Subsequently, TWS obtained by the Gravity Recovery and Climate Experiment (GRACE) satellite modulates ecosystem vegetation generation and strongly affects the carbon cycle [18]. For instance, Andrew et al. [19] showed that the interannual variations of the Normalized Difference Vegetation Index (NDVI) and TWS were consistent across Australia from 2003 to 2014, and the response of grassland to TWS was more rapid. Using the GRACE satellite, Zhao et al. [11] investigated the impact of ecological restoration on TWS in northern China from 1982 to 2016. Wang et al. [20] suggested that vegetation was more strongly affected by TWS than precipitation on both the annual and monthly scales in the Pearl River basin from 2002 to 2015. In addition to the effects of vegetation, climate change and human activities were altering the hydrological cycle with significant consequences for TWS. Climate change mainly manifested in the influence of temporal and spatial precipitation and temperature variations on TWS [21]. Human activities change the hydrological cycle by altering land cover, water conservation projects, and human usage [22]. Nevertheless, it was difficult to distinguish between the natural and human effects because of incomplete data and uncertainty in climate and hydrological models [23].

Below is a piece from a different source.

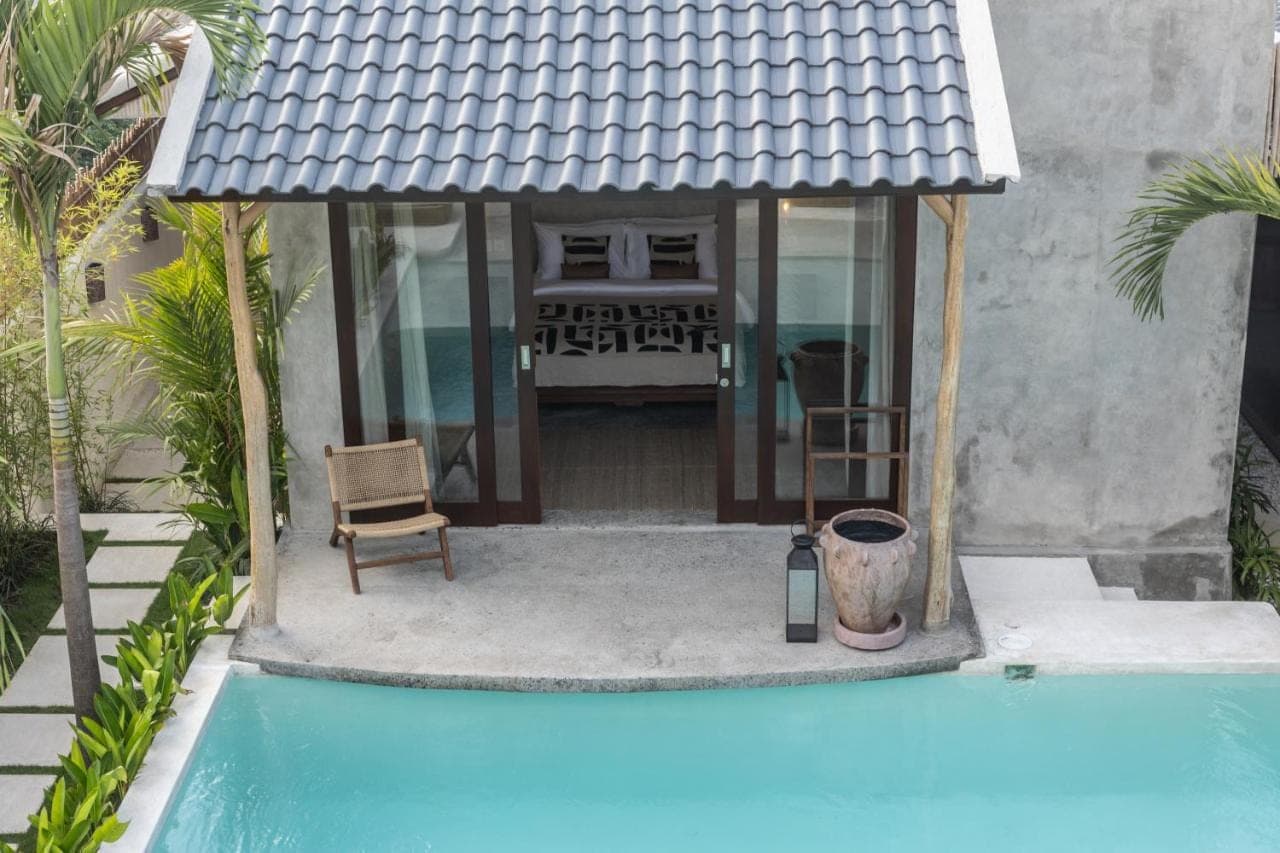 a house with a swimming pool in front of a house at Kano Twin in Canggu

Many studies have researched ways of determining the attribution of natural and human effects to the hydrological cycle. For example, Xie et al. [24] used the variable infiltration capacity (VIC) model to detect the changes in the hydrological cycle and to identify the contributions of land cover and climate change over the Three-North region of China during the years 1989–2009. Gao et al. [25] determined the contributions of precipitation, ET, and land use/cover changes to streamflow and runoff coefficient changes in the Loess Plateau based on the Budyko hypothesis. Scanlon et al. [26] indicated that decreasing trends from GRACE were primarily related to human use (irrigation) and climate variations, whereas increasing trends reflected climate variations globally during the years 2002–2014. However, most previous studies considered natural and human factors independently while ignoring their interaction with the hydrological cycle. The Geodetector model is a new statistical method to detect spatial heterogeneity and explore its driving mechanism [27]. The core of its theory is to detect the consistency of the spatial distribution pattern between the dependent and independent variables through spatial heterogeneity [28]. One significant advantage of this method is that it can detect the interaction of two driving factors on dependent variables and does not have to follow the linear assumption of traditional statistical methods [29]. Although some investigations on contributions to the hydrological cycle have been conducted, there are relatively few studies on regional TWSA in China based on the Geodetector model.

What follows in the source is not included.